> _WHAT IS EXPECTED_:
Word for word, write the records out again, but omit each picture.
(DATA TO EXAMINE begins)
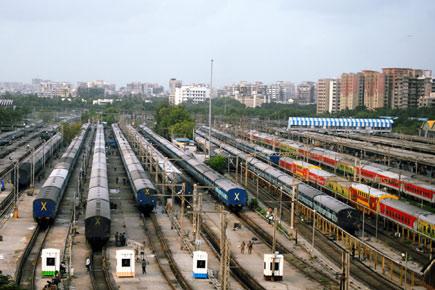 Rail Budget to focus on passenger amenities 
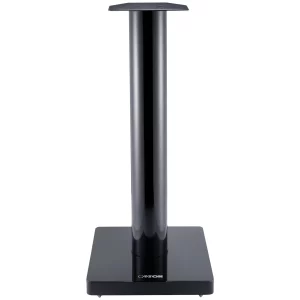 Canton Basic LS Hoparlör Standı Siyah (Çift)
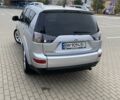 Сірий Міцубісі Аутлендер, об'ємом двигуна 2.4 л та пробігом 210 тис. км за 9750 $, фото 12 на Automoto.ua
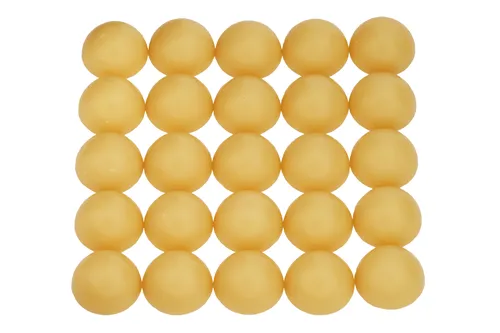 Product image of Hash Rosin Drops Indica - Rosin Heads - Edible Extracts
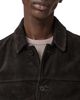 Allsaints Allsaints Nates Suede Jacket - 4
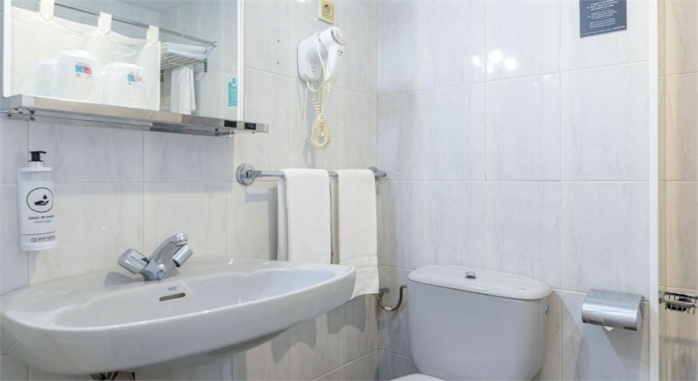 Hotel Alda RIbeira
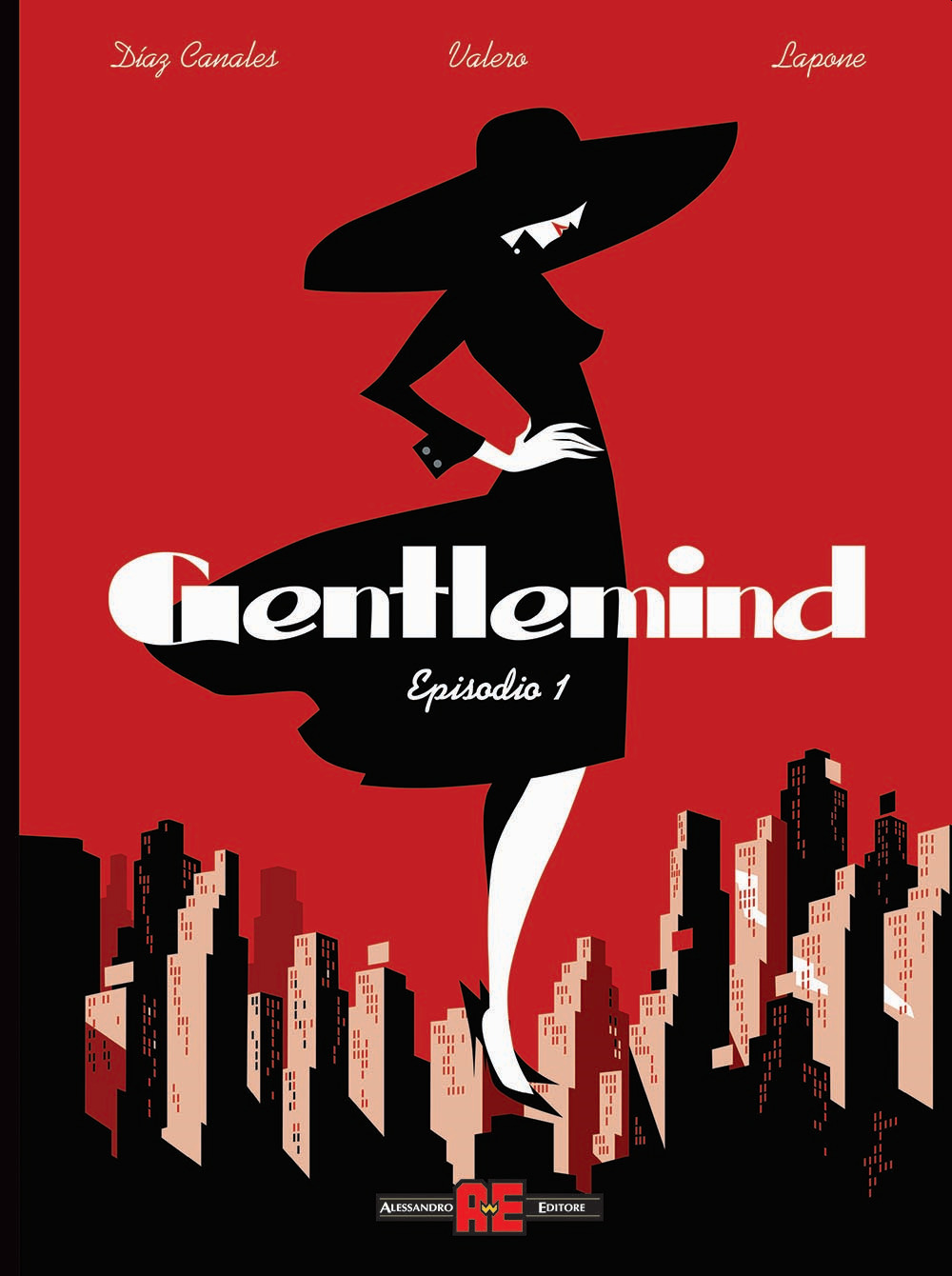 Gentlemind. Vol. 1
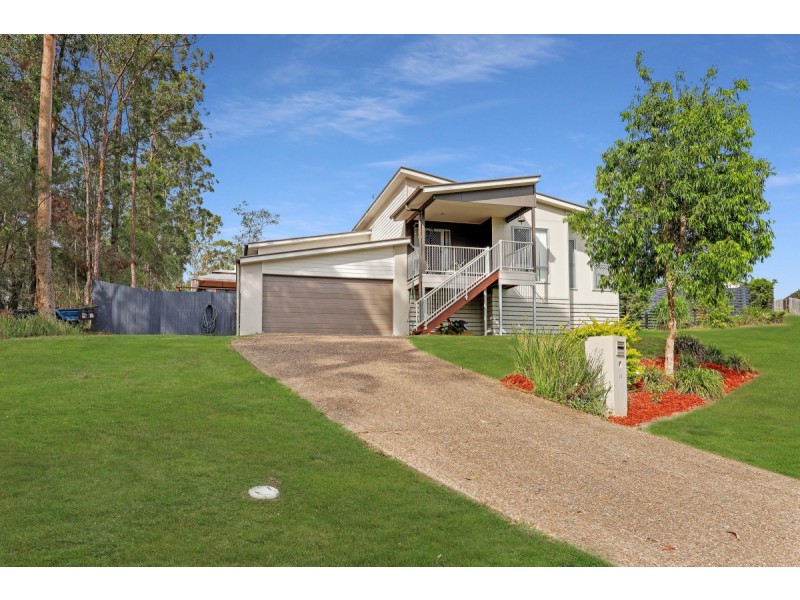 49 Moondani Drive, Gilston QLD 4211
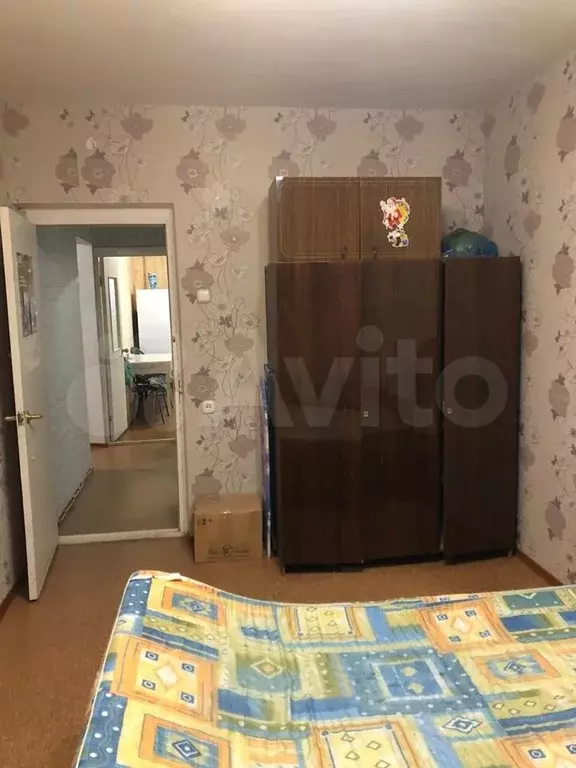 Комната 15 м в 2-к, 5/17 эт. - Фото 1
(DATA TO EXAMINE ends)
> _TASK RESULT_:
 Rail Budget to focus on passenger amenities 
 Canton Basic LS Hoparlör Standı Siyah (Çift)
 Сірий Міцубісі Аутлендер, об'ємом двигуна 2.4 л та пробігом 210 тис. км за 9750 $, фото 12 на Automoto.ua
 Product image of Hash Rosin Drops Indica - Rosin Heads - Edible Extracts
 Allsaints Allsaints Nates Suede Jacket - 4
 Hotel Alda RIbeira
 Gentlemind. Vol. 1
 49 Moondani Drive, Gilston QLD 4211
 Комната 15 м в 2-к, 5/17 эт. - Фото 1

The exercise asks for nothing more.